Maria do Rosário vai promover ações, com o apoio do Judiciário, do Ministério do Desenvolvimento Social e outras instituições públicas, para avaliar a situação dessas crianças e encontrar formas de devolvê-las às famílias, ou, quando não for possível, abrir portas para a adoção.

Tema

O tema das crianças e adolescentes constitui o eixo da carreira política da ministra, desde que se elegeu vereadora pela primeira vez, em 1992, Porto Alegre. Na semana passada, durante encontro com a reportagem do jornal O Estado de S. Paulo, ela se emocionou tanto ao falar de meninas e meninos vítimas de exploração sexual que, em dois momentos, ficou com os olhos marejados.

Quem a conhece sabe que isso é comum. Acontecia com frequência entre 2003 e 2004, quando atuou como relatora da comissão parlamentar de inquérito que investigou as redes de exploração sexual de crianças e adolescentes no país – atividade que, apesar da ampla divulgação, teve poucos resultados.

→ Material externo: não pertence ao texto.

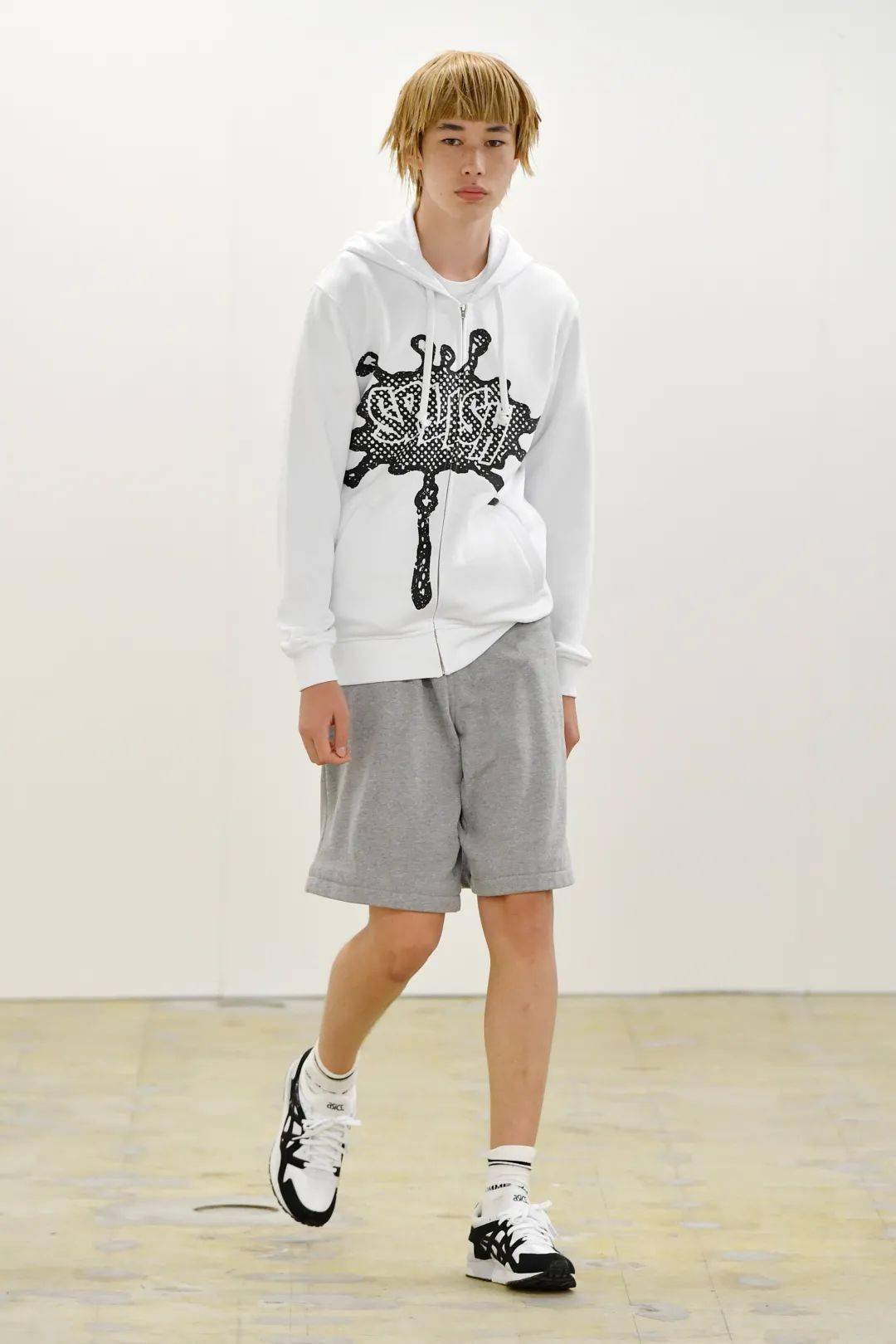 过服装设计|川久保玲：人“狠”话不多！时尚界的破坏者设计的衬衫有何不同？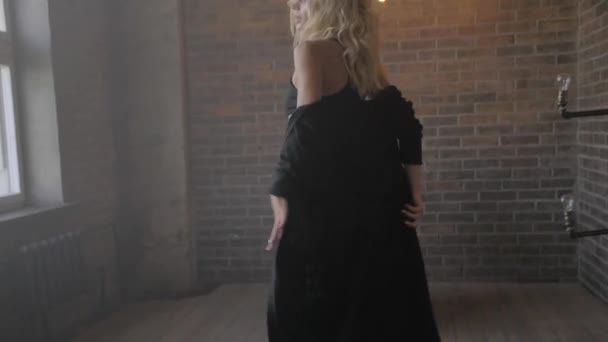 Vacker ung blondin i svarta underkläder tegelvägg — Stockvideo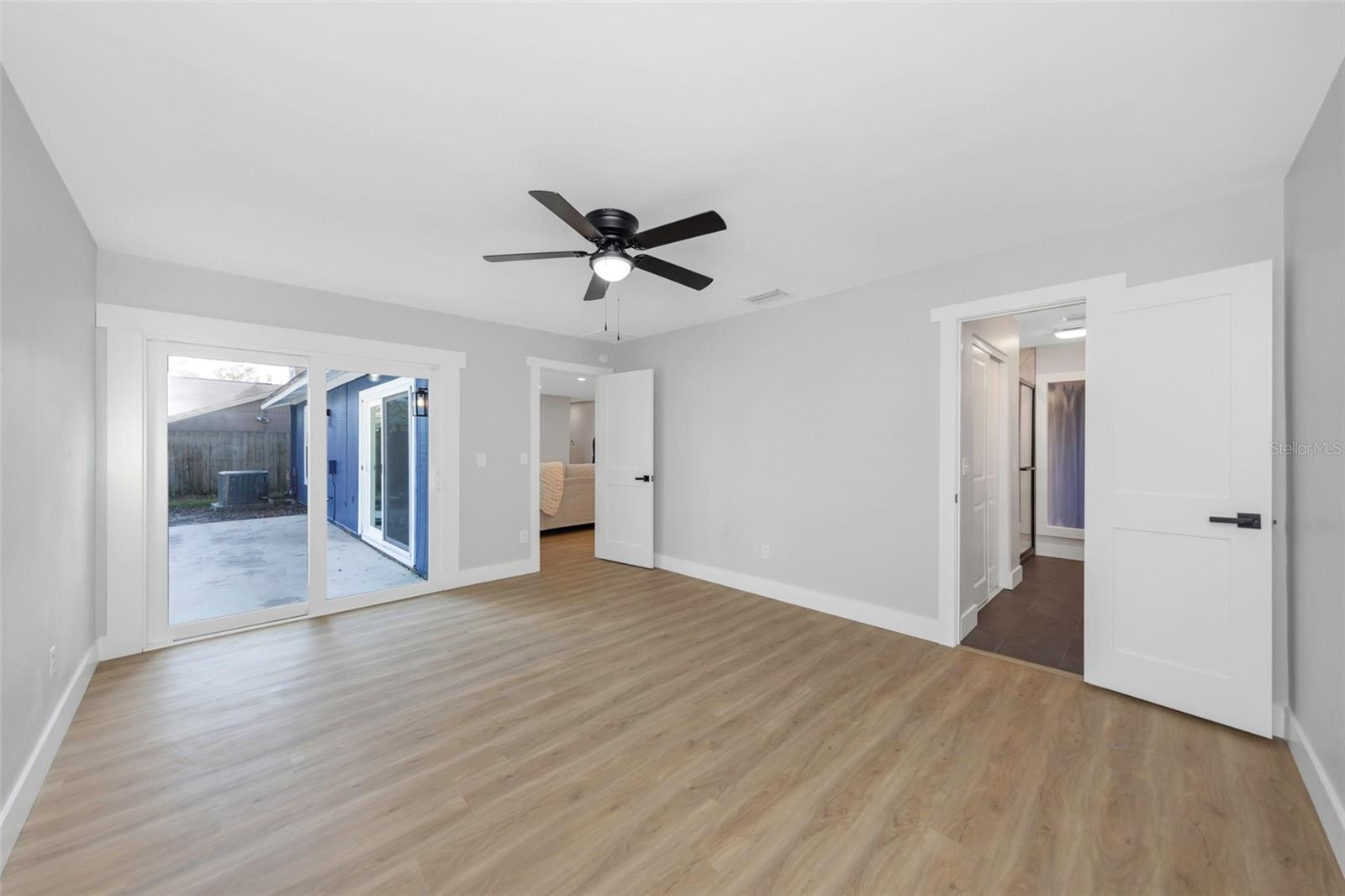 15911 COUNTRY FARM PL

Segundo levantamento da Polícia Federal Rodoviária Federal, de 2010, ao longo das rodovias federais existem 1.800 locais identificados como pontos de exploração sexual de crianças e adolescentes: um a cada
26 quilômetros.

Maria do Rosário também pretende dar mais atenção às questões que envolvem os direitos dos idosos, dos deficientes físicos e dos homossexuais. No fim deste mês ela se encontrará com representantes de organizações de homossexuais, em São Paulo, para debater medidas de combate à homofobia.

A questão dos mortos e desaparecidos na ditadura militar não ficará fora de sua agenda. A diferença, em relação aos antecessores, é que não pretende manter o tema na boca. Também evitará debates públicos com o ministro da Defesa, Nelson Jobim (PMDB).

Na quarta-feira, ao chegar à sede do Ministério da Defesa, para um encontro com Jobim, Maria do Rosário entrou pela garagem, para evitar perguntas de jornalistas sobre as divergências entre Defesa e Direitos Humanos a respeito de apurações de crimes ocorridos na ditadura. Mas, ao término do encontro, que foi dos mais amistosos, Jobim insistiu para que saísse pela porta da frente, ao lado dele.